----- Collected material -----

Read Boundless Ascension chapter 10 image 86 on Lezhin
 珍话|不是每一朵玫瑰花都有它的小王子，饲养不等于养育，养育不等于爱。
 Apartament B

-----

__About this exercise__
Every line of the listing should be reproduced exactly.

__Exercise output__
Read Boundless Ascension chapter 10 image 86 on Lezhin
 珍话|不是每一朵玫瑰花都有它的小王子，饲养不等于养育，养育不等于爱。
 Apartament B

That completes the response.